### [LISTED RECORDS]
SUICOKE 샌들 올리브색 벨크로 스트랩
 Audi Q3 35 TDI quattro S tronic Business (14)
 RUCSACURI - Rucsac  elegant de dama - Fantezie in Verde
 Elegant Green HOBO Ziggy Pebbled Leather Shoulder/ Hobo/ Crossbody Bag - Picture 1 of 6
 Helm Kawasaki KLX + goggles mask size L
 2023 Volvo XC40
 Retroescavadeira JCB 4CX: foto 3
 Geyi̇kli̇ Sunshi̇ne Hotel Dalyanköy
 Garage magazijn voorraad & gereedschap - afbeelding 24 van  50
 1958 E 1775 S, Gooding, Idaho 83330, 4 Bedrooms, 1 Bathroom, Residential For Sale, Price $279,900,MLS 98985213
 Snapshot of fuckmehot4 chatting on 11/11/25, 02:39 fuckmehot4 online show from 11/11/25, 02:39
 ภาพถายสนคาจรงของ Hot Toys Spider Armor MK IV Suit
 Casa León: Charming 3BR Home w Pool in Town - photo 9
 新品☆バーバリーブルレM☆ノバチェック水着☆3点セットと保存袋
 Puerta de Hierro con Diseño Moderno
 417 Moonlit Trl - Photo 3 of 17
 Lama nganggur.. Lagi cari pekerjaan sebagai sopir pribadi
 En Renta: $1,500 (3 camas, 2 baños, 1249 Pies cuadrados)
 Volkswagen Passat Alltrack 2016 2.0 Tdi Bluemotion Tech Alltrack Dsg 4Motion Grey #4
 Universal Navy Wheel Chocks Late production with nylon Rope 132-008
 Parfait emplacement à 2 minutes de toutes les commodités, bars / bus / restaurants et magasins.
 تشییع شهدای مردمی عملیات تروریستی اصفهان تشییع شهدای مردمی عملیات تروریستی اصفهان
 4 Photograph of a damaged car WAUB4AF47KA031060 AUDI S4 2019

### [EXERCISE AIM]
Copy only the stretch running from the line containing "417 Moonlit Trl - Photo 3 of 17" to the final line of the entries, both ends included, exactly as it stands.

### [TASK RESULT]
 417 Moonlit Trl - Photo 3 of 17
 Lama nganggur.. Lagi cari pekerjaan sebagai sopir pribadi
 En Renta: $1,500 (3 camas, 2 baños, 1249 Pies cuadrados)
 Volkswagen Passat Alltrack 2016 2.0 Tdi Bluemotion Tech Alltrack Dsg 4Motion Grey #4
 Universal Navy Wheel Chocks Late production with nylon Rope 132-008
 Parfait emplacement à 2 minutes de toutes les commodités, bars / bus / restaurants et magasins.
 تشییع شهدای مردمی عملیات تروریستی اصفهان تشییع شهدای مردمی عملیات تروریستی اصفهان
 4 Photograph of a damaged car WAUB4AF47KA031060 AUDI S4 2019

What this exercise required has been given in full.